# WHAT YOU ARE ASKED TO DO
Look below for the line that contains "Kawai GL-10 piano cheek detail", then copy it and each following line exactly, through and including the line that contains "Fireside Retreat: Highlands".

(Items from a dataset)
------------
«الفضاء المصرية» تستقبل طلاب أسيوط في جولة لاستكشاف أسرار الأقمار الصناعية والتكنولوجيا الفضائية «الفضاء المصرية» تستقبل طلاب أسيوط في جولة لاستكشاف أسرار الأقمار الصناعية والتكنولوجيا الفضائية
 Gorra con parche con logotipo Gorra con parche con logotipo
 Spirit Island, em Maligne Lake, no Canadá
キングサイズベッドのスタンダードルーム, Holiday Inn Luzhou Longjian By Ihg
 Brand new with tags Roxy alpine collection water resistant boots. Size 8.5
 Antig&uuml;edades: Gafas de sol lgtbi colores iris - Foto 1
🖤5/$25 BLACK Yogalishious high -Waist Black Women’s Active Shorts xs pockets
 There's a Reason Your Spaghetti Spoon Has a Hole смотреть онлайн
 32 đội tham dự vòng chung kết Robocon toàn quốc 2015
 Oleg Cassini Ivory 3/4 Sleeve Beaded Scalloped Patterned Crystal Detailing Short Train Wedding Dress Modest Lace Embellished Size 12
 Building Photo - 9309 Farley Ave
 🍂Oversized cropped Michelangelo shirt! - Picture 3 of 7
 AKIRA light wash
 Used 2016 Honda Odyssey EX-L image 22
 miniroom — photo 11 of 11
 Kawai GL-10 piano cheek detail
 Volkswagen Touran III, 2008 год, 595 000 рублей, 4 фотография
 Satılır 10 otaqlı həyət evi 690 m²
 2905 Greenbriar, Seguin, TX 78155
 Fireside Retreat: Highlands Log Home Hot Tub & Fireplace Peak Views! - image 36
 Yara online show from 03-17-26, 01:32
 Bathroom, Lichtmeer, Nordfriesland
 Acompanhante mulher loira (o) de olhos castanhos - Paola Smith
------------
# TASK ANSWER
 Kawai GL-10 piano cheek detail
 Volkswagen Touran III, 2008 год, 595 000 рублей, 4 фотография
 Satılır 10 otaqlı həyət evi 690 m²
 2905 Greenbriar, Seguin, TX 78155
 Fireside Retreat: Highlands Log Home Hot Tub & Fireplace Peak Views! - image 36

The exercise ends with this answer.